The study, published recently in the journal Pediatric Obesity, indicated that NAFLD is associated with both a lack of exercise and excessive consumption of sucrose, the scientific name for table sugar, which is comprised of both fructose and glucose.
While both are found naturally in fruits, vegetables, dairy products and grains, they are often an additive to many processed foods.
“The prevalence of fatty-liver disease is escalating not only in adults, but also in children,” said researcher Johanna DiStefano, Professor at the al Genomics Research Institute (TGen).
“Like Type-2 diabetes, NAFLD used to be considered a disease that developed only in adulthood, but that is no longer true,” DiStefano added.
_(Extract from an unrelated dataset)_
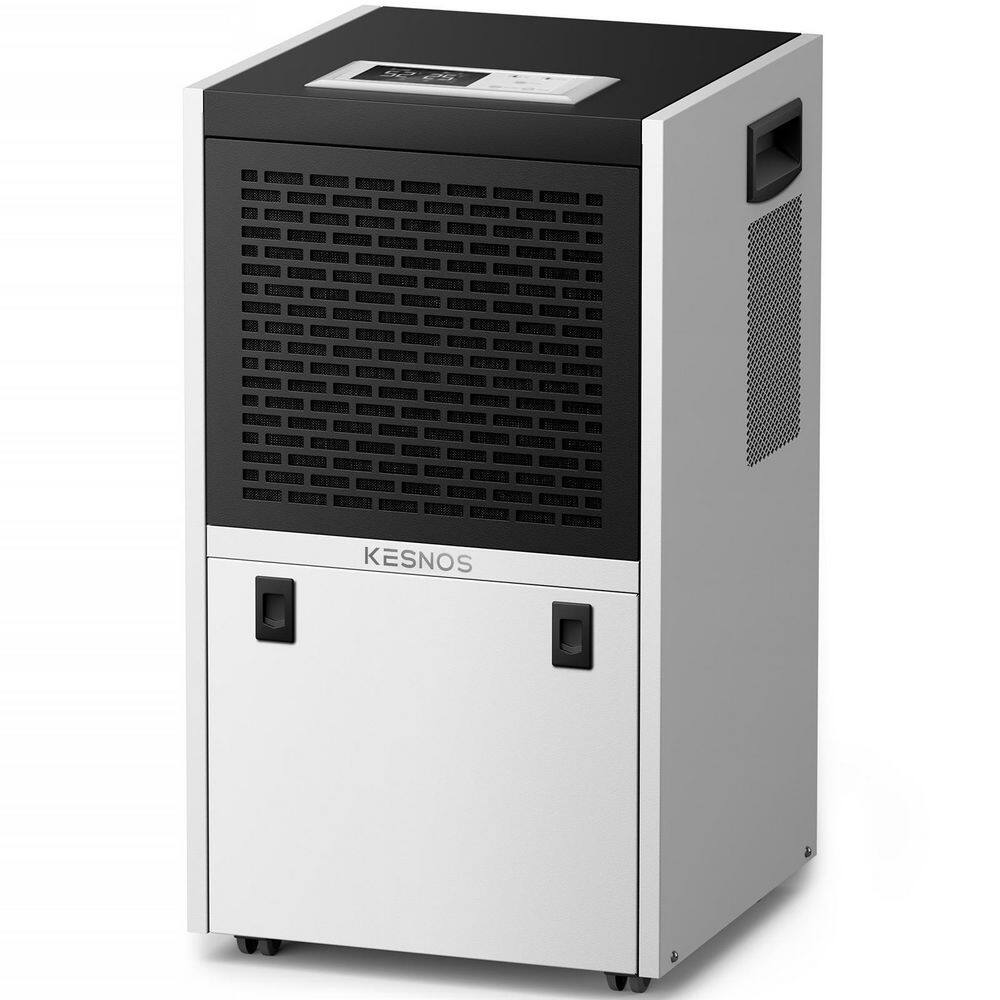 Kesnos 155 Pint Commercial Dehumidifier With 6.56 Ft. Drain And Bucket For 75000 Sq. Ft. Of Commercial Space And Workplace HDCX-PD606A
Glucose, absorbed in the intestines, is the body’s preferred carbohydrate-based energy source. Fructose must first be converted by the liver into glucose before the body can use it for energy.
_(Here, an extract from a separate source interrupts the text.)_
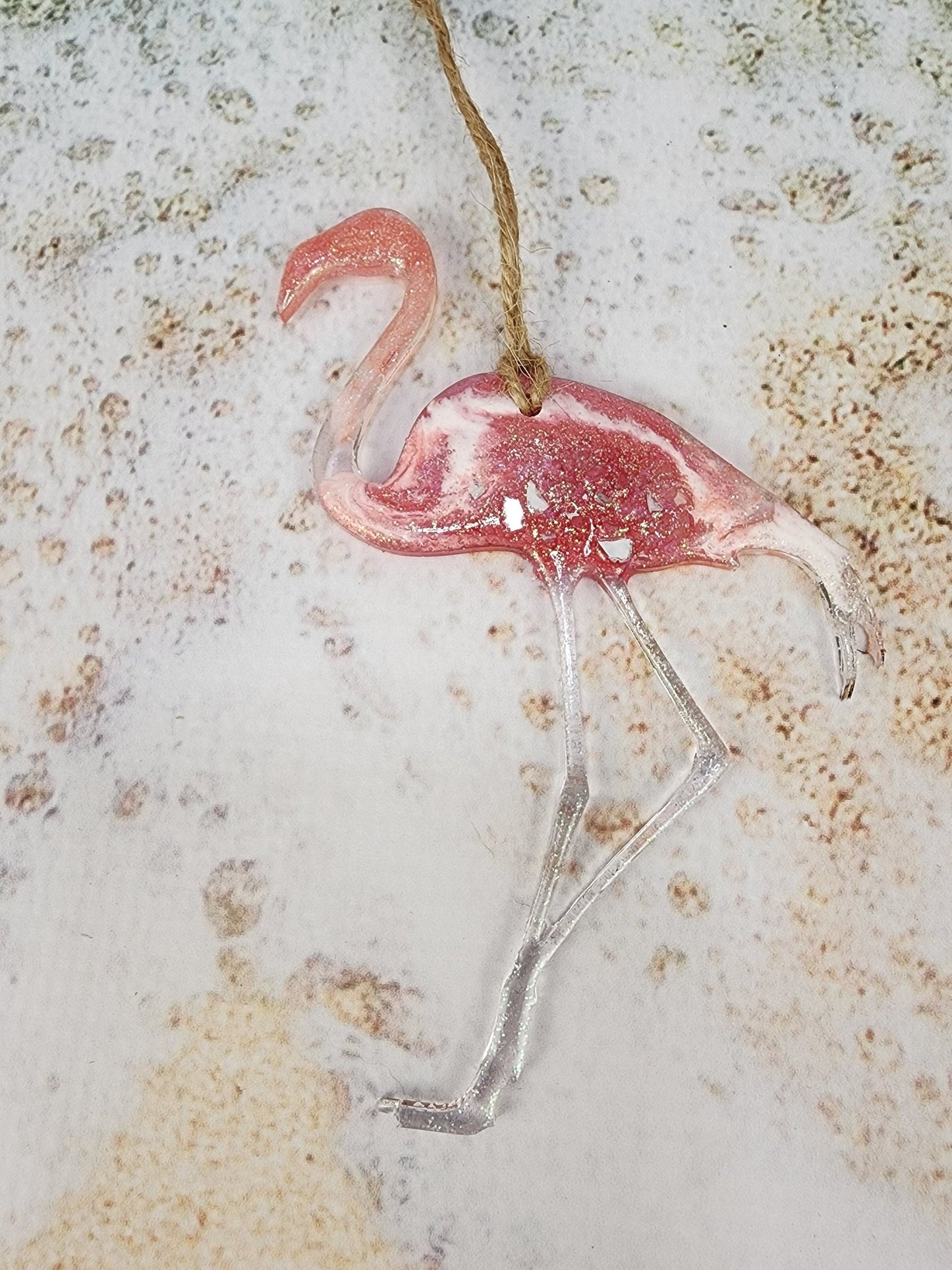 Resin | Flamingo #2 | Resin art |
An earlier study, led by DiStefano, showed that fructose increased gene expression, altered proper cell function, and often led to liver disease.
For this study, the research team focused on studies that linked excessive fructose intake to children with NAFLD, interventions that restricted fructose, and identification of related metabolic biomarkers.
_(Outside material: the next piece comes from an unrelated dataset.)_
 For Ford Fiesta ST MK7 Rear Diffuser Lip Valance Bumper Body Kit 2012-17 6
“By getting a better handle on diagnosis and disease severity, we will have a more individualized approach to management where some kids will respond well to diet and exercise while others may need a more aggressive intervention,” said researcher Gabriel Shaibi from the Arizona State University.
The reviewers indicate that additional studies are needed to understand both the short- and long-term effects of high fructose consumption and the development of NAFLD among children.
However, they suggest that “efforts to reduce global consumption of added sugars in the diet would most certainly yield a positive impact on overall health in youth due to its relative simplicity and focus on a single behaviour.”